L'ordre,  je connais moi. Je passe mes journées à ranger les boites de médicaments à la pharmacie : réception de commandes, inventaire puis nouvelles commandes,  jamais en défaut pour retrouver un sirop que l'on nous demande 3 fois par an. Tout est à sa place…

Dans ma maison  le soir, quand le doute puis l'angoisse explosent,  quand je sens trop fort la solitude et  que je me demande si j’existe vraiment, quand je vois devant moi une longue, longue nuit, alors je range encore. Mes livres et mes disques, mes habits et mes affaires, n’importe quoi je range.  Je mets de l'ordre dans mon monde, je range mes idees noires dans des boites  aussi en quelque sorte: boite du désespoir, boite de l’angoisse dont j’essaye de fermer le couvercle jusqu’au lendemain.

Et bien á propos d’ordre,   l'autre matin j'ai eu  une drôle d'idée, un flash oú j’ai entrevu le grand rangement à l’œuvre dans le chaos du monde.  Je vais essayer de fixer cette intuition par les mots, de remonter doucement la lumière sur cette idée, et de ranger,  encore,  une pensée en quelques  phrases sur ce papier.

J'étais allée voir la veille ma Maman dans sa maison de retraite, et j'avais été frappée comme á chaque fois par cette assemblée d'êtres, d'êtres sans agir, d'être juste le vital.

En marchant dans les couloirs, je voyais partout la survie instillée, des gens à qui l'on donne à manger à la cuillère, et des vieux assis à leur fauteuil, le torse lié au dossier pour qu'ils ne tombent. Brouhaha absurde de télévision dans une salle oú personne ne la regarde.  Quand il y a encore un peu de vie, c'est tout décalé,  des paroles qui tournent à vide, qui ne veulent plus dire quelque chose que, peut-être,  pour un cerveau qui vit ailleurs dans le passé.

Maman était là aussi qui ne voit plus guère que ces marionnettes et quelques infirmières. Et moi petit guignollette du dimanche.  

J'étais repartie par l'aéroport où j'avais du attendre au bar une heure car mon avion avait du retard. Là les gens étaient tous aux normes de la meilleure pub : jolies hôtesses aux jambes fines, dans des collants bronzés, maquillage et séduction, jeunes hommes d'affaires au costume qui tombe bien, juste ce qu'il faut de décontraction,  voyageuses gravure de mode, et des bulles de parfums de fleurs qui flottent sur tous ceux-la. Même les flics de garde sont visiblement sélectionnés pour être beaux et jeunes.

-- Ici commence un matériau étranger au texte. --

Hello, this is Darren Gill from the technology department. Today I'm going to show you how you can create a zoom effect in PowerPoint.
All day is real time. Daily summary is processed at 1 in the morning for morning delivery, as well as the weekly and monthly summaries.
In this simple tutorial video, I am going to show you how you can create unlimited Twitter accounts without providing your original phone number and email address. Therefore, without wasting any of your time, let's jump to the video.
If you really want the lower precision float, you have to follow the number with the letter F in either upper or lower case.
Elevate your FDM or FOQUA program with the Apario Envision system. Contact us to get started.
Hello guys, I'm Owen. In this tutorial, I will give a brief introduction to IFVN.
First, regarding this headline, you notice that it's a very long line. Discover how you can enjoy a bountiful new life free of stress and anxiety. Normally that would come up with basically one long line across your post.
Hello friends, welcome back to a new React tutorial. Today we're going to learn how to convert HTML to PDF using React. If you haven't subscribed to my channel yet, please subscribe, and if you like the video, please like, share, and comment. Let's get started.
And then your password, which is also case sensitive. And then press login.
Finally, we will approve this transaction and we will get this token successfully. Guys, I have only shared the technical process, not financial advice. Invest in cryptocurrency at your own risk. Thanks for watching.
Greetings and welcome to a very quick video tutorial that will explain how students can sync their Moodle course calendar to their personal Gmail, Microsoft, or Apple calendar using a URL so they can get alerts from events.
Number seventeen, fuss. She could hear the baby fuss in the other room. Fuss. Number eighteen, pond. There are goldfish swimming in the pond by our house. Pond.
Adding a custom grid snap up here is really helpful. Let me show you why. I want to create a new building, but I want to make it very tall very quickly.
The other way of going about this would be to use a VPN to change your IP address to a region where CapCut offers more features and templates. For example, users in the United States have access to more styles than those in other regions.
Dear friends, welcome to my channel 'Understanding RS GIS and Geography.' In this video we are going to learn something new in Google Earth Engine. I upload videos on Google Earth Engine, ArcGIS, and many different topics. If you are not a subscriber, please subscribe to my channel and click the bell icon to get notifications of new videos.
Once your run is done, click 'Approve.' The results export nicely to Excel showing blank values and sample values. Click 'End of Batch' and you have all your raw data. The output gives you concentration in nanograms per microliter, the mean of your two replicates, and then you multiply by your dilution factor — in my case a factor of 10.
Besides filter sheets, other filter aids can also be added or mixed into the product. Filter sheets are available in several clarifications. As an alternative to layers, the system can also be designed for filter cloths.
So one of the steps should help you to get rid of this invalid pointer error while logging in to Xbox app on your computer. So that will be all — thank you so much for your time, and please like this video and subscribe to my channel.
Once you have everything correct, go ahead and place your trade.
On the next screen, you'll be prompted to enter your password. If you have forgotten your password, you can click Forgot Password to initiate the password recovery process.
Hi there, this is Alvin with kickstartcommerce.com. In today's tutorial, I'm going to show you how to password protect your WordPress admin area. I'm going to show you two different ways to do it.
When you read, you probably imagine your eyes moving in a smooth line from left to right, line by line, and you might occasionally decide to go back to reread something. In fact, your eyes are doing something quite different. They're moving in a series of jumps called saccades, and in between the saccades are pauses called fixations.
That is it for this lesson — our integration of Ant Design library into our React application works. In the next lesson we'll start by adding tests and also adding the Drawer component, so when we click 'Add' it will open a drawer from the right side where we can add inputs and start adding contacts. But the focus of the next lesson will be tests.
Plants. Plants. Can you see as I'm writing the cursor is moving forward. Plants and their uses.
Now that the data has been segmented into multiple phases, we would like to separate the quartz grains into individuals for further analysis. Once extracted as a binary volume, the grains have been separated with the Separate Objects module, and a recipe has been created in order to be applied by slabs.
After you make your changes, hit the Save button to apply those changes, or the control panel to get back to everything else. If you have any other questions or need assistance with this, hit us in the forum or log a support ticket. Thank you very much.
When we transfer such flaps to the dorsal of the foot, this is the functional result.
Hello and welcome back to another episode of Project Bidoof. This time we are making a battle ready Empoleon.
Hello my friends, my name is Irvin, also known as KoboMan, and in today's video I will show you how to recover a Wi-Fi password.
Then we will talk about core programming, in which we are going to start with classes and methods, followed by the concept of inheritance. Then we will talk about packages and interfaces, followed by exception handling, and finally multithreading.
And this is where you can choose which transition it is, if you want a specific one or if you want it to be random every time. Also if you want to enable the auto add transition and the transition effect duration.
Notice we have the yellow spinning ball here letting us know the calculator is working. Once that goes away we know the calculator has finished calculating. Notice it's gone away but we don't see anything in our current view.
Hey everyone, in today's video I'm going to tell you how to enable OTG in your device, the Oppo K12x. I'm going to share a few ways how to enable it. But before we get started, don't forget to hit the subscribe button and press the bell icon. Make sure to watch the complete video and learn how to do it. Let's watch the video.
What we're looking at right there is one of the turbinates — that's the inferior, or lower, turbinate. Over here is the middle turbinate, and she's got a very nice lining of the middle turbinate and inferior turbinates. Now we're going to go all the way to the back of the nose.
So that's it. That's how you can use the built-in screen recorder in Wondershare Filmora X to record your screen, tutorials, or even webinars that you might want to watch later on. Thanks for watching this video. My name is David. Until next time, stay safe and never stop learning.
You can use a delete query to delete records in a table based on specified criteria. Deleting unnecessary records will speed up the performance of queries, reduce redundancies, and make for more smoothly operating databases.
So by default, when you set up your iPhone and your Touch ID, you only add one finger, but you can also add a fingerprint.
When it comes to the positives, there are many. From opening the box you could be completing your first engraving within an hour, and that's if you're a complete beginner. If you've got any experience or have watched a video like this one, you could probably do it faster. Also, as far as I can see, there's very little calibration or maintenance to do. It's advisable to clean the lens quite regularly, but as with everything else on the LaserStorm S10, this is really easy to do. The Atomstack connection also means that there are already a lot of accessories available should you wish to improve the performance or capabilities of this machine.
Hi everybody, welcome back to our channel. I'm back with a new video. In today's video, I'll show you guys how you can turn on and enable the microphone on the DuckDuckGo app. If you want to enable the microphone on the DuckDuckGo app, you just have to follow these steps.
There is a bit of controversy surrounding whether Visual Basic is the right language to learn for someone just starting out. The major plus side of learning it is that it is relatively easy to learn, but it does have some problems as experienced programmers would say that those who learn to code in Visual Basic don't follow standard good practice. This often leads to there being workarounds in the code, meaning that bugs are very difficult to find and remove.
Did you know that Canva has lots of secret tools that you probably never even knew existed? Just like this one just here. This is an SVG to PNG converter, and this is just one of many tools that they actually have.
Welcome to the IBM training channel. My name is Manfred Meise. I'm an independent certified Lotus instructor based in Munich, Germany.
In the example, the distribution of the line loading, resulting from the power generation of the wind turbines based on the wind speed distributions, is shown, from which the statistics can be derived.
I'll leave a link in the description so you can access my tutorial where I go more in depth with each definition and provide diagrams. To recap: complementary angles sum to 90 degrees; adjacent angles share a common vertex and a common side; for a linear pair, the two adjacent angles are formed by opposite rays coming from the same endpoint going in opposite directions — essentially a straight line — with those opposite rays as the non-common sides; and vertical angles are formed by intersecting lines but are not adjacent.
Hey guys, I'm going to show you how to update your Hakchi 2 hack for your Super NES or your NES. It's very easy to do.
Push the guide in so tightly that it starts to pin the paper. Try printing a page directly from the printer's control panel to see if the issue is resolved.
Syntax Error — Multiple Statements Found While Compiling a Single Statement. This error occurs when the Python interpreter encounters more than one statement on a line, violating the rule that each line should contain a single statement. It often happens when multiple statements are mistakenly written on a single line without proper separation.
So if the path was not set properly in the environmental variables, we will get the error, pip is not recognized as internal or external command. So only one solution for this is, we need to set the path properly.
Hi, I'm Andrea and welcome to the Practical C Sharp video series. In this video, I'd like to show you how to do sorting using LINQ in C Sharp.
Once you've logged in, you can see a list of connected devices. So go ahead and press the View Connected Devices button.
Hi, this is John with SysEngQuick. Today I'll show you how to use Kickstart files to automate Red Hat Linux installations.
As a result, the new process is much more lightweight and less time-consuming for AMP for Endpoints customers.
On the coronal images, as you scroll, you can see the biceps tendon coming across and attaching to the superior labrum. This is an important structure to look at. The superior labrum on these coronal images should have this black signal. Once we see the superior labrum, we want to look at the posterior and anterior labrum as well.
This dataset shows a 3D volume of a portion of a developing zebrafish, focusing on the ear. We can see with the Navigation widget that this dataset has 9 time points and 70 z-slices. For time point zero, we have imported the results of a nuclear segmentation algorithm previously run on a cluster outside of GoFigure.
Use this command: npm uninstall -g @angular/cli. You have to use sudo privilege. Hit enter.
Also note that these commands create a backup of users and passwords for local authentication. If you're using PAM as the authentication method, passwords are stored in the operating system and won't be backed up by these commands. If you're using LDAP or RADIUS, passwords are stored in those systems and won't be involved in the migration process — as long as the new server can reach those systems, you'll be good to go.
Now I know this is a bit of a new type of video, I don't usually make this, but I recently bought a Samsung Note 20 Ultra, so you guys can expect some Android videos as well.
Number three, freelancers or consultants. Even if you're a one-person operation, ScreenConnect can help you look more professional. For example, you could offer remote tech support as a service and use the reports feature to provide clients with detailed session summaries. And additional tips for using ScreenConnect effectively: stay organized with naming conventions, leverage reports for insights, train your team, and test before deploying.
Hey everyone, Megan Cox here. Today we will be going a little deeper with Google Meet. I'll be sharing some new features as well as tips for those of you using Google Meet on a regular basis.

Je me suis dit  alors qu’un  mysterieux Social Brother nous impose une géographie du beau dans nos villes.  Il nous definit des regles pour les zones où l'on se montre, où l'on paraît plutôt, et où tout doit être lisse et facile: les bureaux, les centres commerciaux,  les zones de petits pavillons proprets. Il faut y être belle et habillée avec goût, avoir l'air sûre de soi et souriante, en bonne santé, et l'on y recueille en retour le sourire des autres, peut-être un regard troublé,  un espoir de séduction, le sentiment d’exister.

La laideur, elle est cachée dans des ghettos, des banlieues que l'on contourne, des rues insalubres que l'on oublie de voir et des asiles pour les fous, des mouroirs pour les vieux, des prisons pour les inadaptés. Dans cette geographie  du beau et du laid, les hôpitaux , les tribunaux et l' ANPE sont des lieux de transition et d'inquiétude, d' où l'on peut basculer d' un verdict definitif, vers le ghetto, vers le noir,

Le doute et l'angoisse suintent sans doute aussi,  la nuit dans le secret des autres maisons, même celles  des beaux quartiers, mais le Social  Brother exige qu'on les ait rangés le lendemain,  au moment de ressortir dans la grande comédie de la journée. Surtout ne pas nuire au grand ordre du beau.

Du beau, vraiment?

En pensant à tout ce monde trop en ordre parce qu'on a poussé le désordre, comme on pousse la poussière sous le lit, je me suis mise a rêver d' un autre monde.  Si un jour on arrêtait de ranger les vieux, si on les ressortait et qu'on les poussait sur leur fauteuil roulant avec leur perf dans la cafétéria de l'aéroport, pour qu'ils aillent  voir les avions décoller, peut-être un sourire viendrait il alors sur leur visage.

Et si on invitait les fous à la table des beaux restaurants du centre ville, juste à coté des hommes d'affaires, et des couples en parade séductrice,  pour qu'eux aussi ils aient du très bon et du très bien servi.  Et les immigrés des banlieues lointaines, on pourrait les faire venir tous en famille, dans les beaux quartiers et les installer là, dans ces trop grands appartements, avec tous leurs enfants pleins de rires et de cris. Cela nous donnerait un grand bol de vérité à tous dans la figure, une belle leçon de vraie vie.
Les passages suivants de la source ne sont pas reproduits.